Hay lunares, claro. Si bien los asentamientos existen, son menores que en Montevideo, los (pocos) sin techo o drogadictos duermen al pie de un monumento o en algún portal. Y no escasean los mendigos y los carritos recolectores de basura, pero diseñados de tal forma que no se ve el contenido: nada de caballos o bolsas colgando. Y la vigilancia policial se advierte de inmediato: no pasean como turistas sino que tienen la mirada alerta y vigilante.

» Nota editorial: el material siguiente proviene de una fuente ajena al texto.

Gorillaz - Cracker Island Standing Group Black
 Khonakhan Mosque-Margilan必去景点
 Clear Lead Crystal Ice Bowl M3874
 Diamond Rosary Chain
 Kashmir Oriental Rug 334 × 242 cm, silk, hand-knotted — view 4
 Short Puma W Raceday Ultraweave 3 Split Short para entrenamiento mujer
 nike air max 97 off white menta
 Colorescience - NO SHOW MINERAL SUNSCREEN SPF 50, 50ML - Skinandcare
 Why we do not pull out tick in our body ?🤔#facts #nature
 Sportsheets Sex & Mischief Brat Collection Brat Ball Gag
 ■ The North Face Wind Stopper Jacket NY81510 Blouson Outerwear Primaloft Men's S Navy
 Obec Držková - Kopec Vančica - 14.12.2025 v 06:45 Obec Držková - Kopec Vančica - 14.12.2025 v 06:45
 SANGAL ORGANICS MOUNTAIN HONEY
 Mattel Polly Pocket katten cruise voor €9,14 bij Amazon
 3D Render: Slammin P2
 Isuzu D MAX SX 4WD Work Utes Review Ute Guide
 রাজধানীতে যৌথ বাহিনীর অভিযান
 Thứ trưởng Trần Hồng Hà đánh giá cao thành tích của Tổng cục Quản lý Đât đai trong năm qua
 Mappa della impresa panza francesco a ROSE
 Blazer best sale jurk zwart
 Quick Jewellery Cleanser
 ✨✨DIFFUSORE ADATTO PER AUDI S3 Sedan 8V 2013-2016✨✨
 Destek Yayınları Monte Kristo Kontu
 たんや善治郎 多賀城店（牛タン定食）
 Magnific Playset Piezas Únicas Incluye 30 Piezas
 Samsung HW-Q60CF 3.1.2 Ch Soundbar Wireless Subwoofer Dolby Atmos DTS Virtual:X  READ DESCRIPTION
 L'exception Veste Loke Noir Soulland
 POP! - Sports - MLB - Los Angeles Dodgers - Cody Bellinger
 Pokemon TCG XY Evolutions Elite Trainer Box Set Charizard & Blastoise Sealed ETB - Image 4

Es cierto que en apenas tres días de visita a Curitiba es imposible profundizar sobre su realidad, pero la primera impresión, los datos obtenidos y los diálogos con sus habitantes, permiten confirmar la calidad de vida en una urbe que araña los dos millones de habitantes y donde las multinacionales acuden en legión gracias a incentivos fiscales. Con un Instituto de Planificación Urbana como elemento supervisor independiente y permanente y una universidad dedicada a la educación ambiental, con una arquitectura ecléctica e indefinida y algunos hermosos edificios como el recién remodelado art-nouveau de la prefectura y los pocos que rememoran los tradición lusitana quizá por la presencia de fuertes comunidades polacas, ucranianas, alemanas e italianas que dejan su folclórica huella visible. Entre los numerosos museos, se destacan el de arte contemporáneo por su encantadora sede, al igual que el Solar do Barao, el Memorial, de arquitectura contemporánea y el de Oscar Niemeyer, una espectacular extravagancia antimuseística, con un pobre acervo de arte brasileño (cuadros menores de Portinari, Di Cavalcanti y Guignard), una sola foto de Sebastiao Salgado, Mário Cravo y Joao Ripper, a los que se incorporaron, inexplicablemente, dos grabados (Sueño y mentira de Franco) y varias cerámicas de Picasso y una xilografía de la uruguaya Leonilda González (Novias enojadas).